Slide 51: “The MSBU”
There were 6 counts in the lawsuit. The county tried to get a ruling to eliminate all 6 in their Summary Judgment, 2 of which were granted, and 4 of which were denied and still need to be ruled on at trial. The remaining counts set for trial are:
Count 1: The Florida Election Code
- Pasco County failed to comply with the requirements of the statue and otherwise used false, deceptive and misleading Ballot Summary language for the Ballots
- The County submitted a public measure to the vote thus the County was required to comply
- The ballot language is ambiguous, deceptive and misleading on several issues
The County’s Summary Judgment was DENIED on this count, so the trial will determine if the Code applies and if the county properly followed the law in the voting procedure.
Count 2: Challenge to FS 125.
- That other citizens of Pasco County will benefit from the golf course purchase who are not paying for the MSBU
This Count was partially Granted and partially Denied, therefore this issue must go to trial.
Count 4: The County was required to follow Pasco County Ordinances Chapter 94.
The County’s Summary judgment was DENIED on this count, so the trial will determine if Ch. 94 applies, and if the county properly followed it.
- The claim states that the County had to follow Chapter 94 since communications with the property owners stated “pursuant to Chapter 94”
- The ballot results will be a part of this claim.
Count 6: Whether the Florida Election Code applies.
The County’s Summary judgment request was DENIED on this count, so the trial will determine if the Code applies.
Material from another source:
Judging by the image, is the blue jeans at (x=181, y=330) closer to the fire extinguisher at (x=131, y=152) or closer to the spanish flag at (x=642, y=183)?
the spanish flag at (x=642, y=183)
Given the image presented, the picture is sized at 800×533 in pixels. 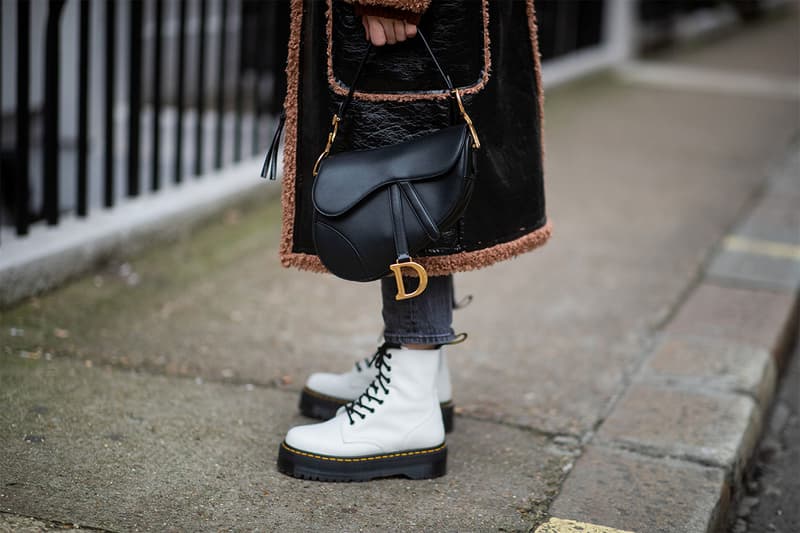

Slide 52: Environmental: “When complete, the property will be suitable for passive recreational use, per FDEP standards”
- What is passive recreational use?
- Will that include the possibility of walking trails?
- Will that include the possibility of a dog park?
- Is it possible that other amenities may be proposed?
- Could it be possible that in order to have any of these amenities it will require remediation after the purchase has already been competed, in which case the seller is no longer available to pay for it?
Following are some quotes from my deposition not presented at the meeting:
Page 43 Line 4-5 and Lines 25 +
Ms. Spirtos showed several posts from NextDoor that showed members of the Community exercising the first amendment right of free speech.
One such post read:
- “what a dirty pack of corrupt scum bags”
Questions from Ms. Spirtos: “Did you ask “her/him” to not talk that way about your neighbors?”
My Answer: “No, I would never tell anyone – another person not to talk about – in any way. I don’t tell people how to think and how to speak.”
“Again, if my neighbors are frustrated, however they write, they have a right to say it and I just – fine.”
Page 45 Lines 5 to 11
Ms. Spirtos showed emails between a few of the Community neighbors:
One email read: “For whatever it may be worth, being right is less important than winning:
Question from Ms. Spirtos to me: “Do you embrace that philosophy?”
My answer: “That is a weird question. Do I– it’s not philosophy I ever thought of.”
Question from Ms. Spirtos: “Do you think it’s more important to win than to be right?”
My answer: “I guess it depends on the circumstance, but to be right should supersede winning.”